The residual biomass of snags reduces disturbance stress and provides for the rapid proliferation of new life For example, seed banks and live vegetation tissue gives rise to dense forb cover, abundant grasses, and shrubs – especially nitrogen fixers (e.g., Ceanothus spp.) and ectomycorrhizal associates (e.g., Manzanita spp.) that facilitate conifer growth. Closed cone conifers like giant sequoia also do well in these forests. Other plants that can abundantly colonize burns, such as conifers and fireweed, arrive by wind or animal dispersed seed. Plant species richness of snag forests can be much higher than in unburned forests.

Bird and small mammal communities that utilize complex early seral forests forage on the abundant insects and increased abundance of seeds in the post-fire flora. These species, in turn, support an increase in raptors. Bird species such as the Black-backed Woodpecker, Olive-sided Flycatcher (Contopus cooperi), Mountain Bluebird (Sialia currucoides), Chipping Sparrow (Spizella passerina), and Mountain Quail (Oreortyx pictus) achieve highest abundances in complex early seral forests. Bats (Myotis, Idionycteris, Lasionycteris, and Eptesicus) also use complex early seral forests because of greater insect prey as well as suitable roosts.
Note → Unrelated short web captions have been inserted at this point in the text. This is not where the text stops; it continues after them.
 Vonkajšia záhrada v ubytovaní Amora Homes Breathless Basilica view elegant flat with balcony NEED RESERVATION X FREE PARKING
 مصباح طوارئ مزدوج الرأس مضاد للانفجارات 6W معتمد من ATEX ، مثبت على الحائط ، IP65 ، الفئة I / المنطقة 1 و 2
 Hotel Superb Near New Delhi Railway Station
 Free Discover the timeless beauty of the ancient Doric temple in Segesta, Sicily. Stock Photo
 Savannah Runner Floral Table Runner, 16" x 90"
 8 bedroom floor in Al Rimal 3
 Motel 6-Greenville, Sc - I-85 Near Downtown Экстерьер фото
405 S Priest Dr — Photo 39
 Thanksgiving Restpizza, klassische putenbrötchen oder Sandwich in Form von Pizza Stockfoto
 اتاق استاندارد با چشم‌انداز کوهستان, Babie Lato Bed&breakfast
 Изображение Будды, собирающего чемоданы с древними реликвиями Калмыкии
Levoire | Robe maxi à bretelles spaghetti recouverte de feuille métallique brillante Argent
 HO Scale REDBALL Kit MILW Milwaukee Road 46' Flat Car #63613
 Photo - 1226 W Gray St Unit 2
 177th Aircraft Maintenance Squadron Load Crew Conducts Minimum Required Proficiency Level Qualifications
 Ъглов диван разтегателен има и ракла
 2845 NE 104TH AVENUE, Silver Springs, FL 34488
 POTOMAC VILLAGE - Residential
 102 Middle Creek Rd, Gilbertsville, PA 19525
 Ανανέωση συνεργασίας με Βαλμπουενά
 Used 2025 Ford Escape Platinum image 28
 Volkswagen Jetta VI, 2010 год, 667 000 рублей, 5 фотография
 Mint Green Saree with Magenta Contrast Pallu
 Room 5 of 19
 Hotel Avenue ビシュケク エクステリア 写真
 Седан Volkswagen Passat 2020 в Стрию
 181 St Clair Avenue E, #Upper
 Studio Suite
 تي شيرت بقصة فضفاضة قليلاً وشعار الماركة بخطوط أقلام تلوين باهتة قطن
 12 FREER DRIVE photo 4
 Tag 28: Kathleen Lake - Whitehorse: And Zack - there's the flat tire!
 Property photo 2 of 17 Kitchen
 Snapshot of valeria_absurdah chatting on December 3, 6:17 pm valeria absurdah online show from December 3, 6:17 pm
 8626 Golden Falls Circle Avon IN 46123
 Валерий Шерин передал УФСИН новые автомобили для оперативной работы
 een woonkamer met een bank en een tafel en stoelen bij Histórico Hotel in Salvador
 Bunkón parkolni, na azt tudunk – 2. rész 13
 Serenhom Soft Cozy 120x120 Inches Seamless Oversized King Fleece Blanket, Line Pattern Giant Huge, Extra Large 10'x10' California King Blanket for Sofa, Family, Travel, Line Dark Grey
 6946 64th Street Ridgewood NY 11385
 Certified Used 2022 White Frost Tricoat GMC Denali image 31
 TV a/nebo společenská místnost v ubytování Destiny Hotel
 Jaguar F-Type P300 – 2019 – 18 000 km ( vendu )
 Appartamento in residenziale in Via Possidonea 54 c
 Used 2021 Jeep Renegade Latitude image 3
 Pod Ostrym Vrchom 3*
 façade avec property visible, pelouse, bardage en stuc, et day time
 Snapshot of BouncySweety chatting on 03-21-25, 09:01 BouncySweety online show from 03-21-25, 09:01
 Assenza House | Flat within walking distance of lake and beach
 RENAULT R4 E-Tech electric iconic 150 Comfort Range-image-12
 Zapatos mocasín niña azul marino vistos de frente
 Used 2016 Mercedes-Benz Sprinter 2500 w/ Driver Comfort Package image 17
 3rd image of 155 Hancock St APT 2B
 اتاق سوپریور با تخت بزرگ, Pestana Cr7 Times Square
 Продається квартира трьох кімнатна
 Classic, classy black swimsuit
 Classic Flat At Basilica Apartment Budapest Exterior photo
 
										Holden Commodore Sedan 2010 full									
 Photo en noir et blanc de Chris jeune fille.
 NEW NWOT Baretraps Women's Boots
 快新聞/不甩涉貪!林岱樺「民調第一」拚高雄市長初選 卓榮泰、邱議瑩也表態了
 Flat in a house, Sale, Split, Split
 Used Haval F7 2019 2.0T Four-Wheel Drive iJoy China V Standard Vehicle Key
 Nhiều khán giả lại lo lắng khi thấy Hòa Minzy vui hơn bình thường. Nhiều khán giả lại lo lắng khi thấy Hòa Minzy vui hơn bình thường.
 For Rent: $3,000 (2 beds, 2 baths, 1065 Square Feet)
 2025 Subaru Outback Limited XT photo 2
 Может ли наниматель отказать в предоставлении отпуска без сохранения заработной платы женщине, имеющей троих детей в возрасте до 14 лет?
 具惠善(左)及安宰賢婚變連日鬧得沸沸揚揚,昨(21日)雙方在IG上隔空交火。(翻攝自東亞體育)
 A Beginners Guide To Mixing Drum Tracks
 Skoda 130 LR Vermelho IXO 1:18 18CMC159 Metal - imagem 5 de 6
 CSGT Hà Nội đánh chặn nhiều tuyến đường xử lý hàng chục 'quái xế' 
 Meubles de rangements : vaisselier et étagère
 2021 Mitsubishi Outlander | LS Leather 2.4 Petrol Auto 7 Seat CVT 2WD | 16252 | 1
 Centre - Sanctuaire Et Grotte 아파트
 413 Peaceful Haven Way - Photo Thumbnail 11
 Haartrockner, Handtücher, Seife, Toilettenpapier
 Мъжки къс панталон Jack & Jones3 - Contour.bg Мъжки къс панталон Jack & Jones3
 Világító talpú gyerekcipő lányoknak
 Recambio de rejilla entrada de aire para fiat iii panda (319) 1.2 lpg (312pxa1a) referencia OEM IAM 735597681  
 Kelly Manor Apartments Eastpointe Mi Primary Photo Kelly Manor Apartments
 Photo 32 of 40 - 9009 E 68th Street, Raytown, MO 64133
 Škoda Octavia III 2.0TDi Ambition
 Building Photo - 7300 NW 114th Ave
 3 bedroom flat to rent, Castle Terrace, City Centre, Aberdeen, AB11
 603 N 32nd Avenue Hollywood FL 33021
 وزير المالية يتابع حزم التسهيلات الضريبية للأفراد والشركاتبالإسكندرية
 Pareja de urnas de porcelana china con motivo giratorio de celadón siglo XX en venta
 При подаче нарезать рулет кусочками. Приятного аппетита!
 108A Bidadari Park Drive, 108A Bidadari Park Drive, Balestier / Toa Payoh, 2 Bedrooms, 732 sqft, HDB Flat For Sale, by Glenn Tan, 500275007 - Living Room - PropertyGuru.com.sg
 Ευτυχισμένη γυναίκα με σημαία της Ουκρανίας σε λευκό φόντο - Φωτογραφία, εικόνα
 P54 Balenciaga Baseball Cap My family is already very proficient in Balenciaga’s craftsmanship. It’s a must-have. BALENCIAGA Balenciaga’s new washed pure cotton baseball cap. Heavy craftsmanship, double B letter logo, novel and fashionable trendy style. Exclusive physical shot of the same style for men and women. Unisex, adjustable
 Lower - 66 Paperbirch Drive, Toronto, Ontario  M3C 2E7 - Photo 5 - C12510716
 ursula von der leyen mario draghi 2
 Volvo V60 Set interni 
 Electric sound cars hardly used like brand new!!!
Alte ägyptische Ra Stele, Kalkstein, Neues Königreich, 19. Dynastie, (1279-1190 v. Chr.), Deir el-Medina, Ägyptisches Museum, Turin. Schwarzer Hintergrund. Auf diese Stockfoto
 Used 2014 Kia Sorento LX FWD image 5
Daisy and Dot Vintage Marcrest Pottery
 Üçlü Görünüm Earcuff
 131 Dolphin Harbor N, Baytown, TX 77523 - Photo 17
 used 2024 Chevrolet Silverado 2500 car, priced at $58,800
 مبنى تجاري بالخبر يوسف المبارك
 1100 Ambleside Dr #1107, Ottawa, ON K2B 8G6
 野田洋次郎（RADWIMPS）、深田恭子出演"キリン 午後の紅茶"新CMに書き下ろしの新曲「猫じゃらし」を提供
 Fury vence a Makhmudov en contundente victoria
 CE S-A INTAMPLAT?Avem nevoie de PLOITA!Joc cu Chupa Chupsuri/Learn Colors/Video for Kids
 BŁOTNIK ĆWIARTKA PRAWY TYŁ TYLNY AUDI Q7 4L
Stand-replacing fires stimulate an increased flow of aquatic prey to terrestrial habitats, driving increases in riparian consumers. The trees killed by fire are beneficial to the ecological integrity of stream communities because they are a main source of large woody debris inputs. There is also reproduction by some forest fungi species that are restricted to burns (e.g., morels, Morchella spp.) and the dead wood provides substrate for fungal growth that supports many arthropod species, including unique fire-following native beetles. Beetles, in general, colonize fire-killed trees in complex early seral forests and their abundant larvae support species like Black-backed Woodpeckers Forest and Spotted Owl management documents often state that severe wildfire is a cause of recent declines in populations of spotted owls poses a primary threat to Spotted Owl population viability, but a systematic review and meta-analysis found fires created more benefits than costs for spotted owls.